I’ve been studying maths with the Open University for over a decade, and an annual 3-hour exam has become part of my routine. I don’t actually like exams, but there is something pleasing about the ritual, and they are so unlike anything else, that they make good place markers with respect to the passage of time.
The great thing about maths is that exam preparation doesn’t require revision as such, it’s more about identifying the problem types that may come up, and practising – by doing. Another positive aspect of exam preparation is – in some cases – you are forced to investigate some parts of the course that you failed properly to get to the bottom of first time round.
These exams are pretty demanding: even if the right questions come up and you’re on top of the material – there’s a lot to be done, and to get right, in the time available. Typically with maths exams you have a pretty good idea about how well you are doing in any particular problem: very much a two-edged sword.
Exams require you to shed much of your day-to-day paraphernalia. Here’s what I did take:
- Umbrella (not needed).
- House keys.
- Reading glasses (on which I am 100% dependent).
- Two black biros.
- Calculator (not needed – thankfully as using one is a real weak spot).

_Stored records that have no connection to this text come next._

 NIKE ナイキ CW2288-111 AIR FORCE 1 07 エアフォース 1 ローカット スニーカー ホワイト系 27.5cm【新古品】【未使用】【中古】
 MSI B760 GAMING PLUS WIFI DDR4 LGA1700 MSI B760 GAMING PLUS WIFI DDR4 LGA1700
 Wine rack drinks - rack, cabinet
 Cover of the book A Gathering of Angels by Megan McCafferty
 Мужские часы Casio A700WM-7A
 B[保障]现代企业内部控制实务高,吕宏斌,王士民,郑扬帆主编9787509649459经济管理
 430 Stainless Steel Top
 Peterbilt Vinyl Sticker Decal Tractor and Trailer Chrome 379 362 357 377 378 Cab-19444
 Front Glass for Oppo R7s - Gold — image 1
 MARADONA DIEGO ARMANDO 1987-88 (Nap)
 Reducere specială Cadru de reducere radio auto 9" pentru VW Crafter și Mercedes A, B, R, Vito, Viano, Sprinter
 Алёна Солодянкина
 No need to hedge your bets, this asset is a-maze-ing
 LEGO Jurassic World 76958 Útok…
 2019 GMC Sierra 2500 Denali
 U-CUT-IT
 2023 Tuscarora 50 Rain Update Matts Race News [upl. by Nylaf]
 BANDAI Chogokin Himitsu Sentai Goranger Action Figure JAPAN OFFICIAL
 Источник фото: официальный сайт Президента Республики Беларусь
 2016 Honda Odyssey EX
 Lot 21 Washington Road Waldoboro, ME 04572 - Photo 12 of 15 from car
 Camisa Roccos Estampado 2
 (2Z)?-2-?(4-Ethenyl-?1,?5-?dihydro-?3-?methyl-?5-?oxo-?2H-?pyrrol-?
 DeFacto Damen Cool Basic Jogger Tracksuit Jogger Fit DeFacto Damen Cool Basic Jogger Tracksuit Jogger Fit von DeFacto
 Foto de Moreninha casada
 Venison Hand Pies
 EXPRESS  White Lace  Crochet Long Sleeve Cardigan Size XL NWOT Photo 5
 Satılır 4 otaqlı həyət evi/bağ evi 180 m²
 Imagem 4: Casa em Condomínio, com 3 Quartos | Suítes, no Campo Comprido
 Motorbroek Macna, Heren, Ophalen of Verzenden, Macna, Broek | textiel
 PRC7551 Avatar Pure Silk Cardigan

- Passport (picture ID – checked).
- Printout of exam logistics and venue.
- Murray Mints (6 eaten).
- Kit Kats (not eaten).
- Water (300ml drunk).
Plus MST326 (Mathematical methods and fluid mechanics) handbook, annotated with my crib notes on:
- Line integrals in cartesian coordinates.
- Steps for second order partial differential equation with change of variables.
- Derivation of some water wave results.
- Wave parameters (λ=wavelength; ω=angular frequency; κ=wave number).
- d’Alembert’s solution to the wave equation; role of characteristic curves.
Wave parameters is a good example of something really very easy that I simply cannot remember. And the role of characteristics in interpreting d’Alembert’s solution is a (small) topic I only really to grips with in the immediate run-up to the exam.